Gamma radiation was used to sterilize the gel because it is simpler and more environmentally-friendly compared to conventional methods [23]. Meanwhile, the dose usually applied to ensure product sterility was 25 kGy. This dose, according to Pharmacopoeia, is defined as the reference that guarantees a high sterility assurance level [9]. After sterilization, the consistency, color, and odor did not change significantly. Furthermore, the gel still had a high-viscosity and transparent properties, indicating the gamma radiation did not affect the appearance.
The sterility testing was conducted under aseptic conditions using laminar airflow (LAL). Also, micro-organisms growth (Bacillus subtilis, Candida albicans) was observed in positive control. Meanwhile in the negative control test, no micro-organisms growth was observed. This showed the media used for sterility test was suitable. This also confirmed the aseptic conditions were maintained and all equipment used for the test were sterile. In the sterility test, micro-organisms growth was not observed, indicating that gamma radiation sterilized the gel.
The result of pH and viscosity measurements after sterilization is shown in the fig. 3:
Fig. 1: The comparison of (left) pH and (right) viscosity of AV powder gel before and after sterilization (The results were calculated as mean±standard deviation; n=3)
There was no difference in pH, while there was a decrease after sterilization using gamma ray. However, the decrease of gel viscosity was not significantly changed and still suitable for use as sterile gel preparation. This showed the gamma radiation didn’t significantly affect the physical properties of the gel. Also, the gel using carbomer can be sterilized by other methods such as autoclaving as well as preparing in aseptic conditions by sterilization of each component [5]. However, the thermosensitive gel becoming fluid can induce inappropriate improvised dosing. Sterilization using high temperature could not guarantee the chemical stability of drug in gel preparation [4]. Also, the filtration is not suitable because the polymer (a large molecules) could not pass through the filter pores. This result showed gamma radiation is a suitable method to sterilize gel in the final product package without any additional process. In addition, the physical stability of sterilized gel was evaluated after 28 storage days as shown in fig. 2 and 3.

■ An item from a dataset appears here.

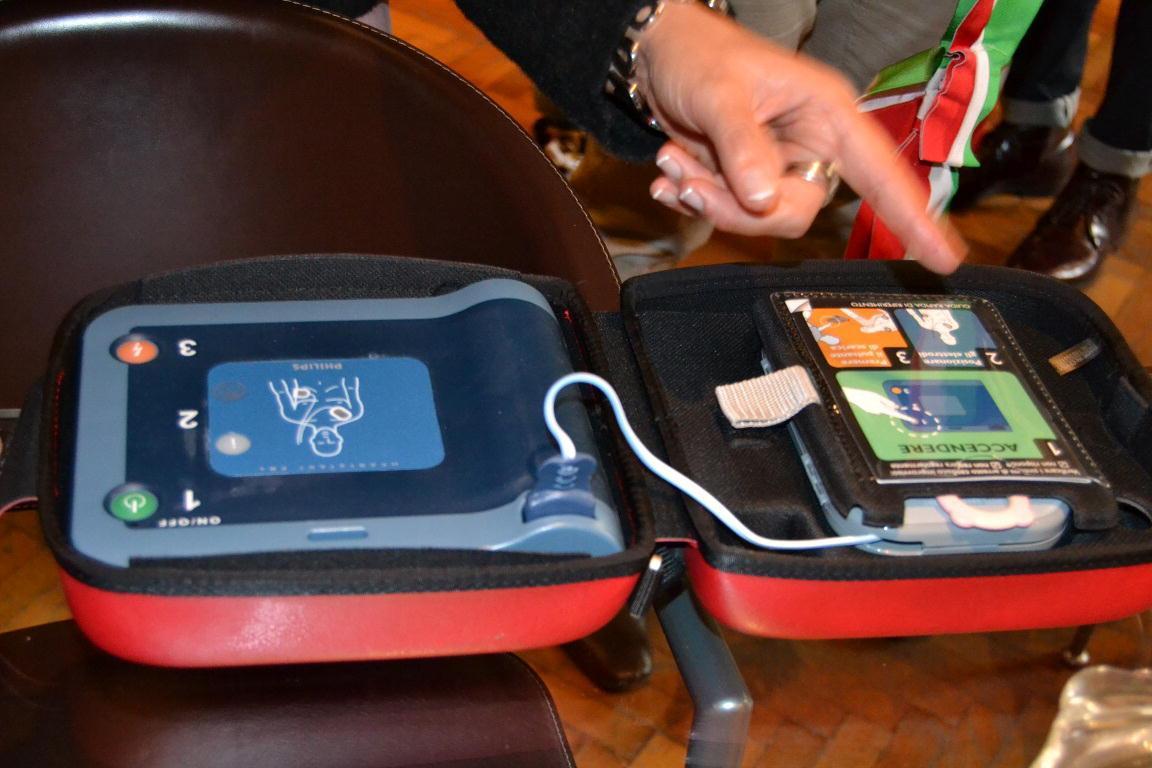 Un defibrillatore (foto d'archivio)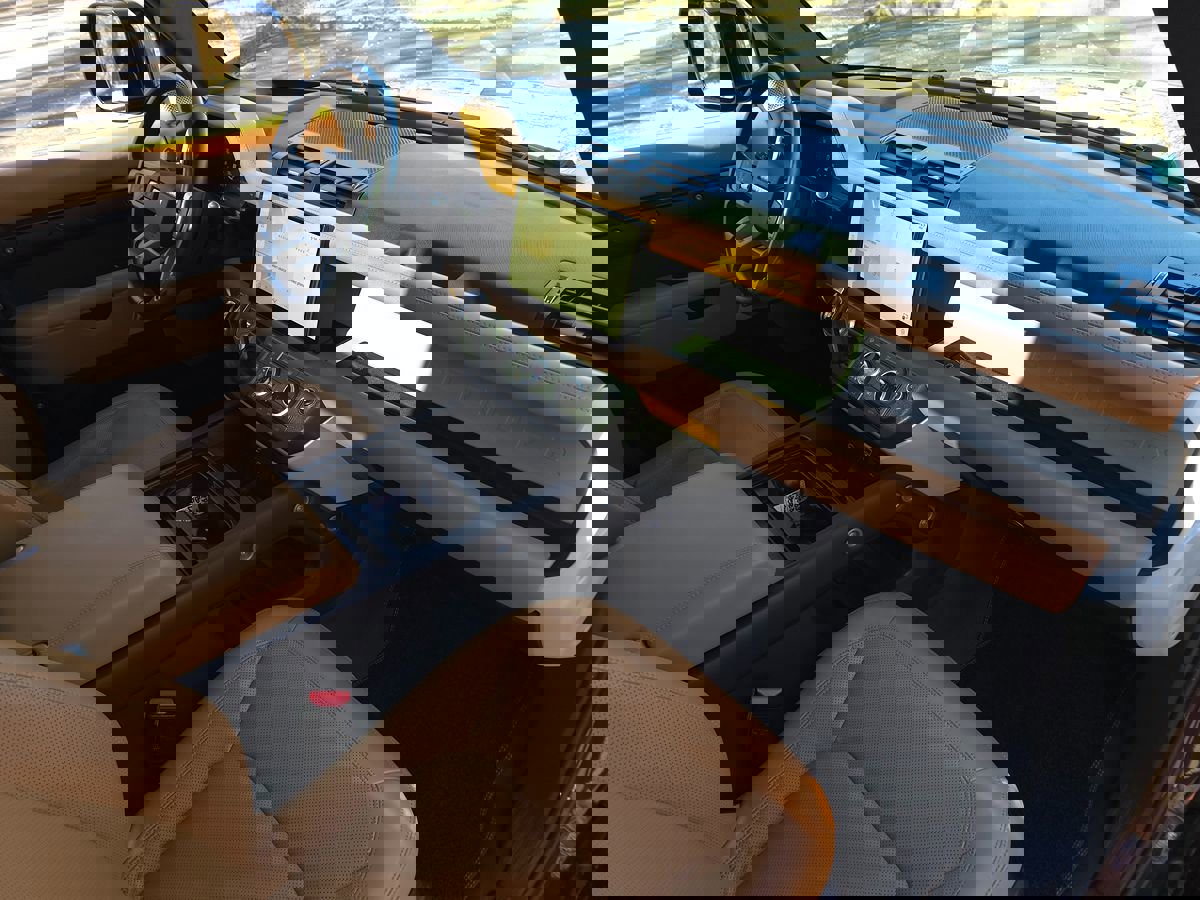 Used 2023 Land Rover Defender 130 S image 27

Fig. 2: pH of AV powder gel after 28 storage days (The results were calculated as mean±standard deviation; n=3)
Fig. 3: The viscosity of AV powder gel after 28 storage days (The results were calculated as mean±standard deviation; n=3)
Fig. 4: The concentration of malic acid contained in AV powder gel before and after sterilization (The results were calculated as mean±standard deviation; n=3)
Based on statistical analysis, the pH did not change significantly even after 28 d with a significance value of 0.063 (P>0.05). Furthermore, the pH remained within the acceptable range of topical dosage form, which is between 4.5–6.5. A similar manner was observed in the viscosity measurement. Base on statistical analysis, the viscosity did not show significant difference after 28 storage days with a significance value of 0.074 (P>0.05).
Malic acid was used as a marker to evaluate the chemical stability of AV gel after sterilization. Previous studies reported that malic acid was used as a marker to detect adulteration and establish the authenticity of aloe gel powders [16, 25]. In addition, the concentration in gel (FIV) after sterilization was measured as shown in fig.4.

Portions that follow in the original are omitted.